In general, OWASP TOP 10 outlines the most recurring application security weakness in the application security domain. However, it seems that some trending application security weakness are not listed under current TOP 10 categories after managing two bug bounty programs in the past two years and working as bug hunter in my free time. SSRF ,Cache Poisoning and subdomain takeover are some of these trending vulnerabilities not included in the latest OWASP TOP 10. I believe these vulnerability should get some attentions from security engineers as they could lead to severe security incident.

Sever Side Request Forgery (SSRF)

Server-side request forgery (also known as SSRF) is a web security vulnerability that allows an attacker to induce the server-side application to make HTTP requests to an arbitrary domain (behind the WAF or internal domain) of the attacker’s choosing.

How SSRF vulnerability could be introduced in your application?

Most likely, SSRF could be introduce when a public facing application allows an end use to add a URL as a parameter. For example, an application allows a user to pull the content, metadata from another web page by inputting the URL of a web page. Or an application allows its users to define a web hook (URL) and the application will send a request to the web hook URL.

What is the impact of SSRF vulnerability?

The severity of impact of successfully exploiting a SSRF could vary a lot depending on how the application is configured or implemented. Sometimes, the SSRF could only be used to scan open ports or IPs of the internal hosts to fingerprint the intranet of an organization. However, sometimes, SSRF could lead to the leakage of sensitive tokens or credentials of your application if your application is powered by AWS, Google Cloud or Azure. The root cause of the recent Capital One data breach was AWS credentials leakage through an SSRF exploitation.

How could you prevent SSRF vulnerability?

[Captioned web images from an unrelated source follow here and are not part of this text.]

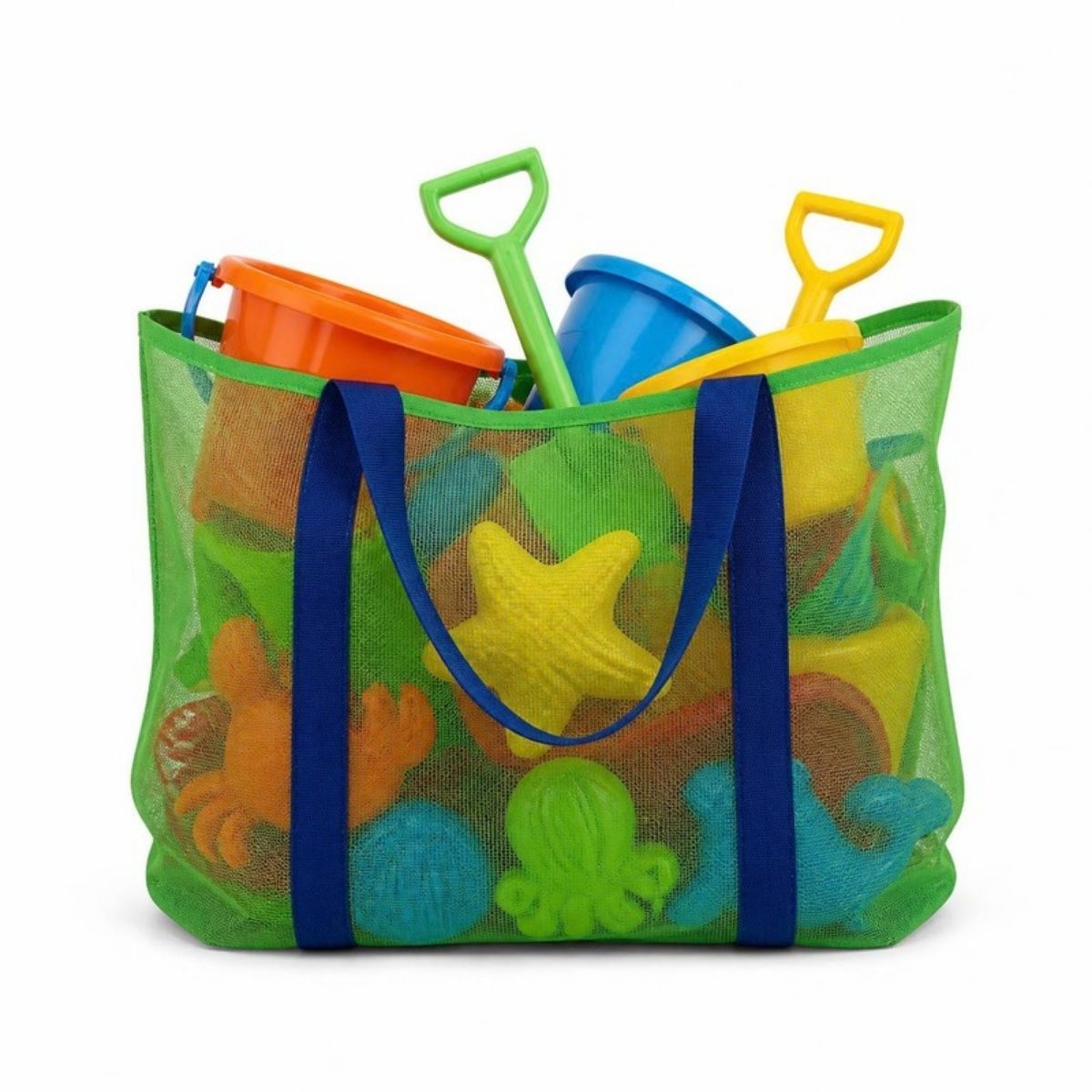 Green mesh beach bag with blue handles, full of buckets, shovels and sand molds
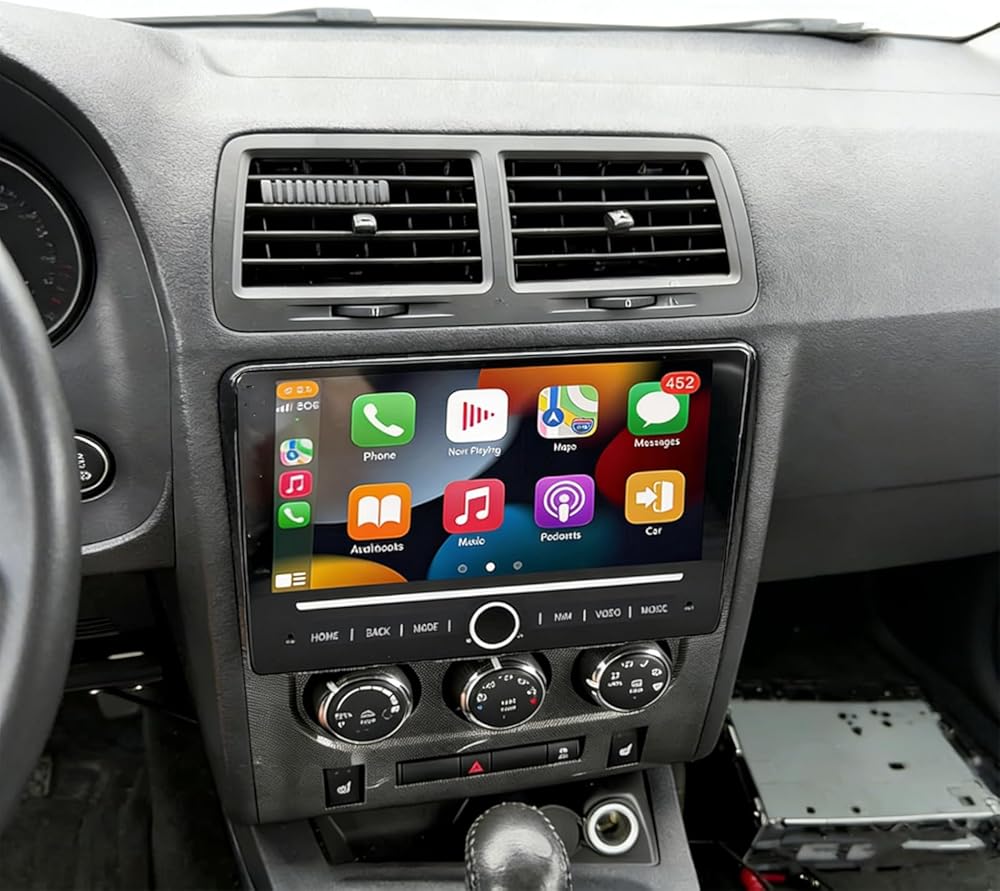 PHEZEN 10 inch Touchscreen Car Stereo Fit for Dodge Challenger 2008-2014, Android 14 Double Din Car Radio with Carplay & Android Auto in-Dash Navigation BT Mirror Link WiFi Backup Camera 4+64G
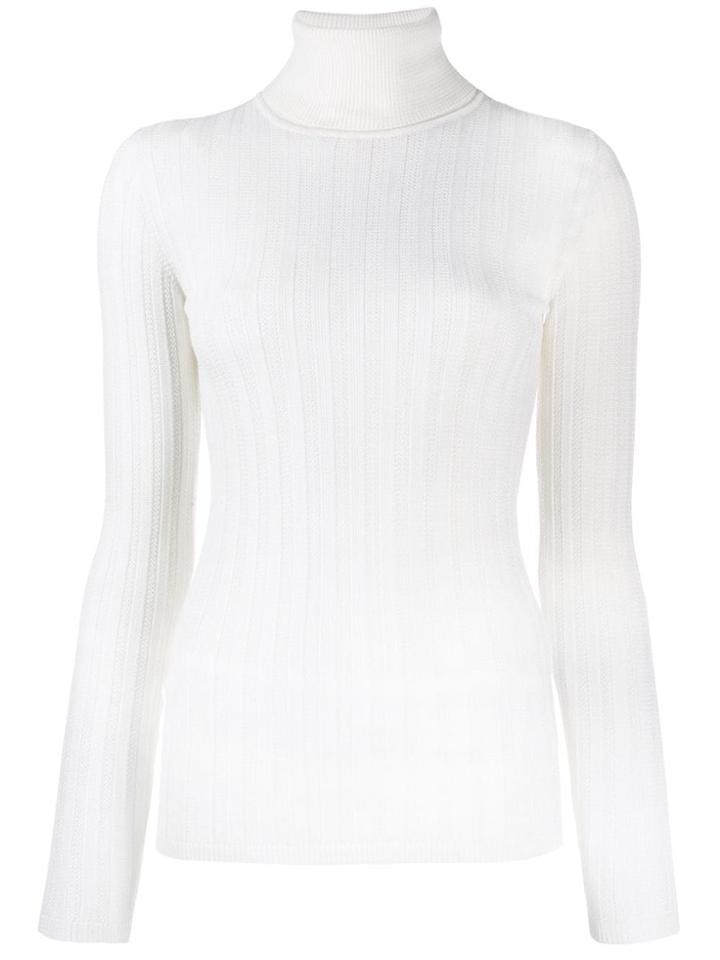 M Missoni Ribbed Turtle Neck Sweater - White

Multiple countermeasures could be employed to combat against SSRF by considering the use case of the applications. For example, URL whitelisting or Network segregation are two popular methods to use. URL blacklisting should not be your first preference when remediating the SSRF vulnerability. In a private bug bounty program I joined, the application is using blacklist, like, localhost, 127.0.0.1 to prevent a request to the localhost. However, I was able to bypass it by using http://[::] and http://0.0.0.0/ to bypass the blacklisting. In most of the case, I think network segregation could be a good option if that is affordable for your application.

Web Cache Poisoning

Web cache poisoning is an advanced attacking technology where an attacker exploits the behavior of a web server by modifying web cache with some malicious data and harmful HTTP response containing these malicious cached data is served to other legitimate users.

Why your application could be victim of the web cache poisoning attack?

Some modern application are heavily using CDN web cache method to serve as many client requests as possible without having to retrieve the original content each time. Having a cache layer will significantly reduce the server load of the application. for CDN or web server, it is relying on using cache keys to look up whether a request is cached or not. If the application directly reflects the value of a certain unkeyed header in the response, it could be a good indicator that this application is vulnerable to cache poisoning. Because the header is unkeyed, its value is not part of the cache key and plays no part in deciding about cache hits. If the attacker sends a request where only this header is maliciously modified, the response to this request will be cached. Users subsequently requesting content that matches the same cache key will receive the malicious data injected by the attacker.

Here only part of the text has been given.